You are viewing a plain text version of this content. The canonical link for it is here.
Posted to user@flink.apache.org by "m@xi" <ma...@gmail.com> on 2018/02/15 14:13:32 UTC

Manipulating Processing elements of Network Buffers

Hello Flinker!

I know that one should set appropriately the number of Network Buffers (NB)
that its Flink deployment will use. Except from that, I am wondering if one
might change/manipulate the specific sequence of data records into the NB in
order to optimize the performance of its application.

For instance, lets assume that a NB has now 3 elements {a,b,c} in this
specific order. The data is going be shipped to a taskmanager(s) for further
processing etc etc. But maybe if the aforementioned elements where to be
shipped in another order, e.g. {b,c,a} then a specific task would run
faster.

Is there any such way to manipulate the ordering in the NB or the ordering
of the arrival of tuples at the input of an operator???

Thanks in advance.

Best,
Max



--
Sent from: http://apache-flink-user-mailing-list-archive.2336050.n4.nabble.com/

Re: Manipulating Processing elements of Network Buffers

Posted by "m@xi" <ma...@gmail.com>.
Hi Till!

Thanks a lot for your useful reply. 

So now I get it. I should not manipulate or disturb the network buffer
contents, as this will trigger other problematic behaviours. On the other
hand, the price of buffering the data in my operator first and e.g. sorting
them first based on some criterion, and then processing them...what is the
its impact to the efficiency/effectiveness of a streaming algorithm.

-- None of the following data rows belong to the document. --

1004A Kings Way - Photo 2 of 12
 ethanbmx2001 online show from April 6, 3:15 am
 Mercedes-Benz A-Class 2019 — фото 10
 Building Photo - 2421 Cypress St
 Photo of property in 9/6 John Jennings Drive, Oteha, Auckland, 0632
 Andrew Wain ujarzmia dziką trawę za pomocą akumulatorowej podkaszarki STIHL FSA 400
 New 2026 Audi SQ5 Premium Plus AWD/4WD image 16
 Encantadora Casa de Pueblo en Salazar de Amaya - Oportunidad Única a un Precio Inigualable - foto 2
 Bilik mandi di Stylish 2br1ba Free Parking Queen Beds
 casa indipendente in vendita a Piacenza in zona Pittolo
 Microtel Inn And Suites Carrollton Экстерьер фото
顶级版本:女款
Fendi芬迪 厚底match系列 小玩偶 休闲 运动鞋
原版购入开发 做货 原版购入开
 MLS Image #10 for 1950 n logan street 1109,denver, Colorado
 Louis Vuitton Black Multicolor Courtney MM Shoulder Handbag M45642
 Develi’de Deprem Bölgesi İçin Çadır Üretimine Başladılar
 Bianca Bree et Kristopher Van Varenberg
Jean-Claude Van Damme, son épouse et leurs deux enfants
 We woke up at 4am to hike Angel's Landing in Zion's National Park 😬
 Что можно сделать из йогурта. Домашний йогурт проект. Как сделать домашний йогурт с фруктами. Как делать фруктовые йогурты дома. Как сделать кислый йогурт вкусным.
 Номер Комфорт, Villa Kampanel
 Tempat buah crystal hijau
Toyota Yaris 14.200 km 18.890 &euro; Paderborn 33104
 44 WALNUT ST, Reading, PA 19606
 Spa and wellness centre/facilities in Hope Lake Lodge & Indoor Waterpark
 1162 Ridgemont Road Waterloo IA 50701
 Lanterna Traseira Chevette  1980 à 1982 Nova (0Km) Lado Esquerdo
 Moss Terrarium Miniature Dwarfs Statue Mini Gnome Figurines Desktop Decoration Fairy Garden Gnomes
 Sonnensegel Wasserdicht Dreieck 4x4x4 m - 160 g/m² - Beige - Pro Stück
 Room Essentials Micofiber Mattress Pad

I mean, Flink is "pure" streaming, but not-so-pure due to the network
buffers, so if I use another buffering at site in each operator, this will
make my application slower and also this is not streaming, this becomes
batch.

Thanks in advance.

Best,
Max



--
Sent from: http://apache-flink-user-mailing-list-archive.2336050.n4.nabble.com/

Re: Manipulating Processing elements of Network Buffers

Posted by Till Rohrmann <tr...@apache.org>.
Hi Max,

the network buffer order is quite important at the moment, because the
network stream does not only transport data but also control events such as
the checkpoint barriers. In order to guarantee that you don't lose data in
case of a failure it is (at the moment) strictly necessary that checkpoint
barriers don't overtake data records for example. Moreover, records might
span multiple memory buffers if they are large. Therefore, it might not be
all that useful to do this ordering on the network buffer level.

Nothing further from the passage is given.